** YOUR TASK **
What is needed is a faithful transcription of all the data below, pictures excluded.

** INFORMATION PROVIDED **
=======
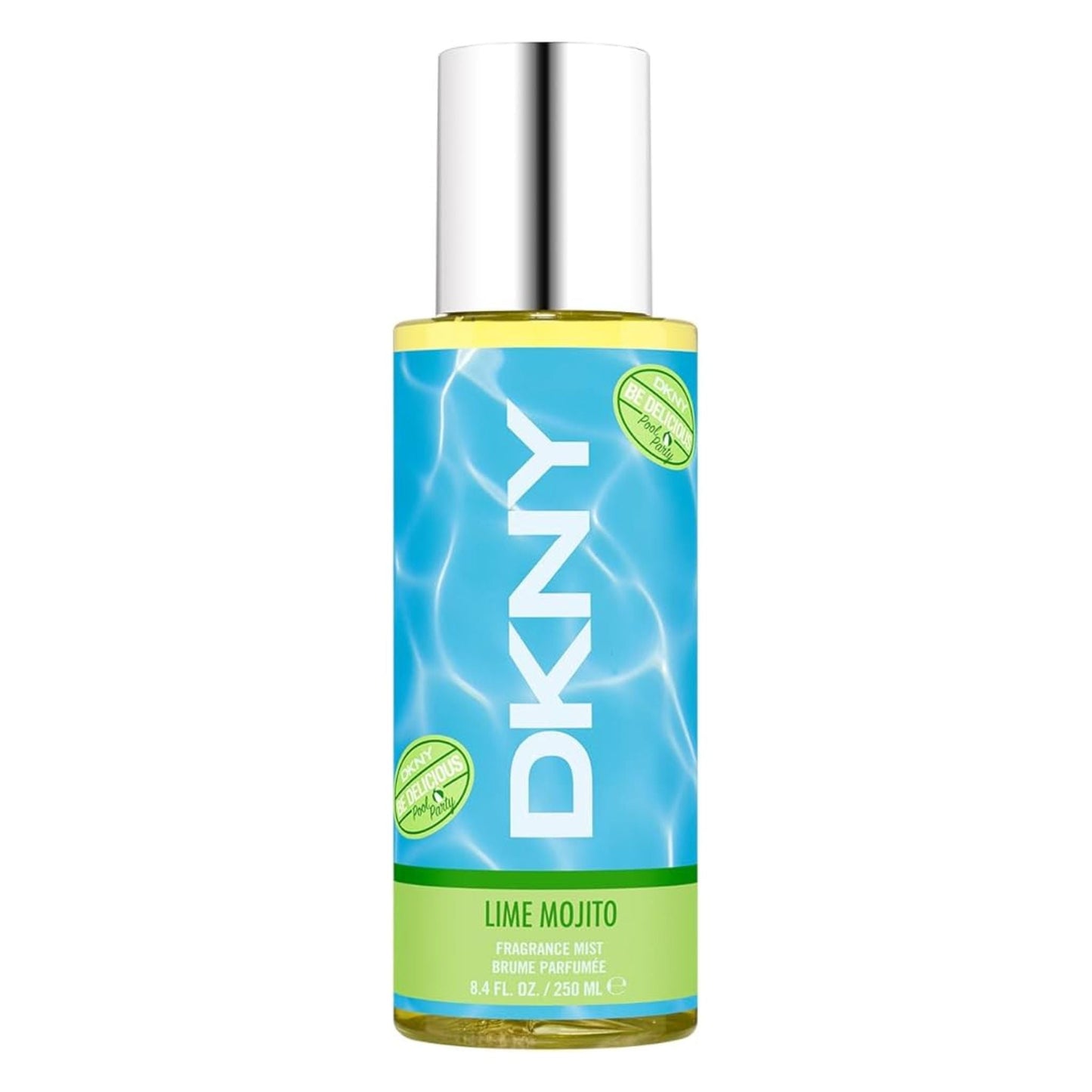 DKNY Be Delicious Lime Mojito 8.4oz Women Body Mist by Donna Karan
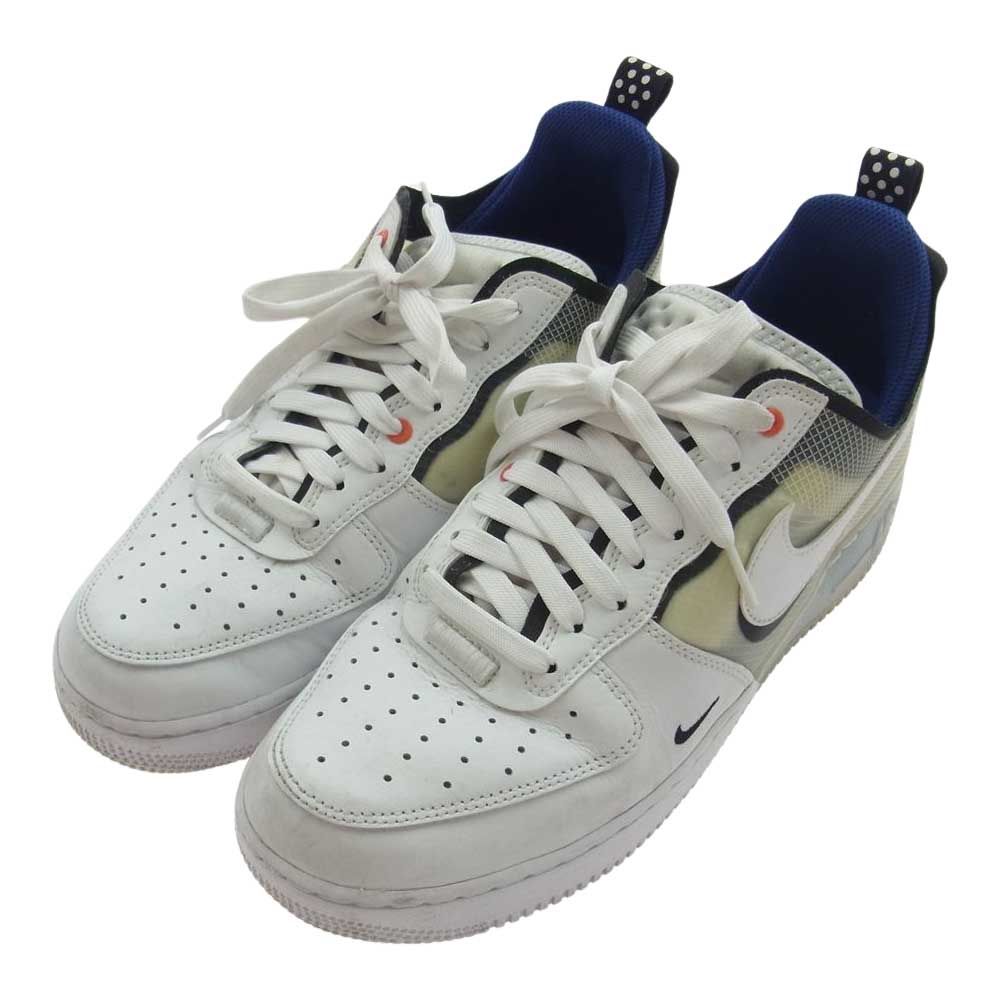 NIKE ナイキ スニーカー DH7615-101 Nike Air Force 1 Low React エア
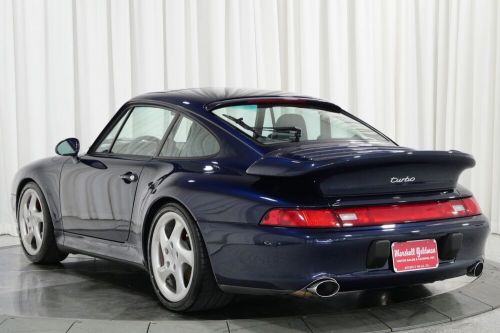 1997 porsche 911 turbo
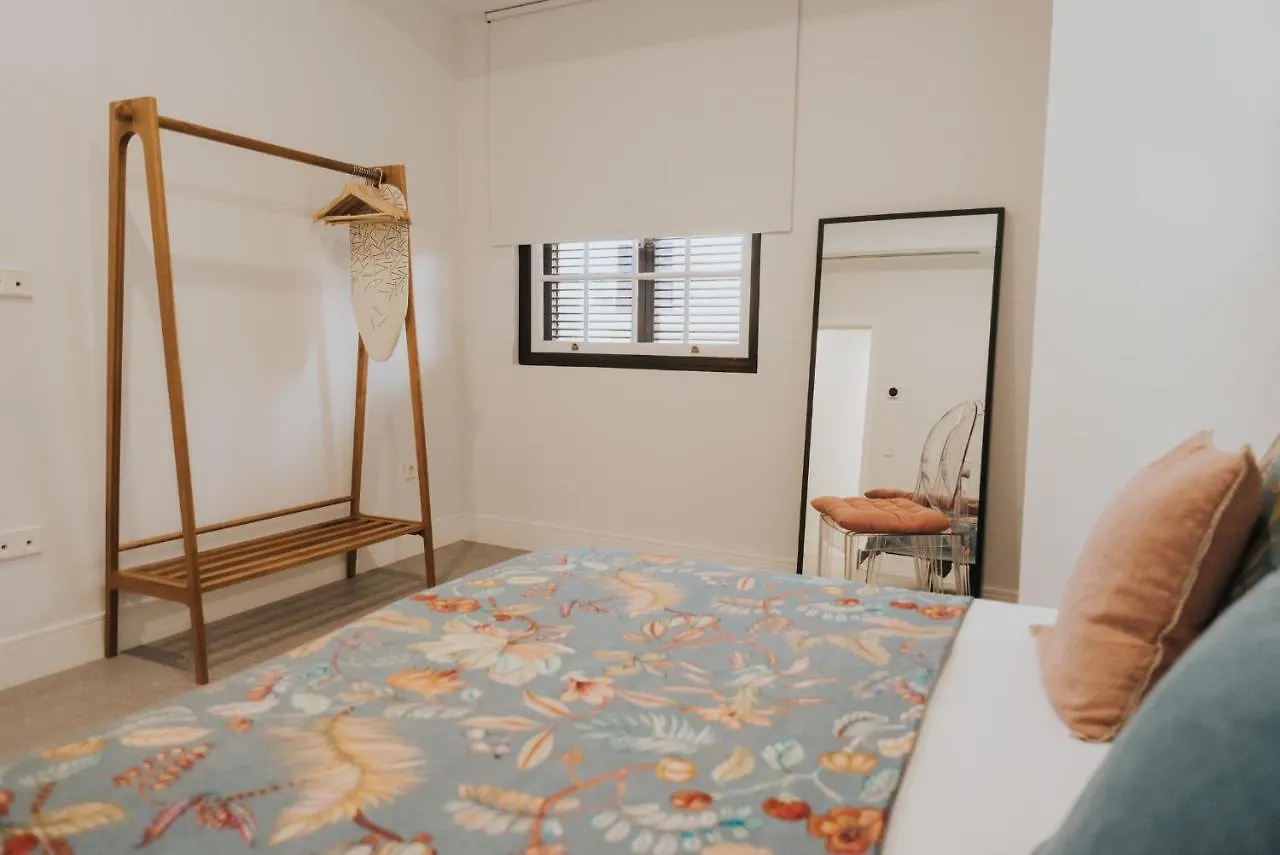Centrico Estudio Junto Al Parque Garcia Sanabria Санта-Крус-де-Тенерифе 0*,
=======
** EXERCISE RESPONSE **
 DKNY Be Delicious Lime Mojito 8.4oz Women Body Mist by Donna Karan
 NIKE ナイキ スニーカー DH7615-101 Nike Air Force 1 Low React エア
 1997 porsche 911 turbo
Centrico Estudio Junto Al Parque Garcia Sanabria Санта-Крус-де-Тенерифе 0*,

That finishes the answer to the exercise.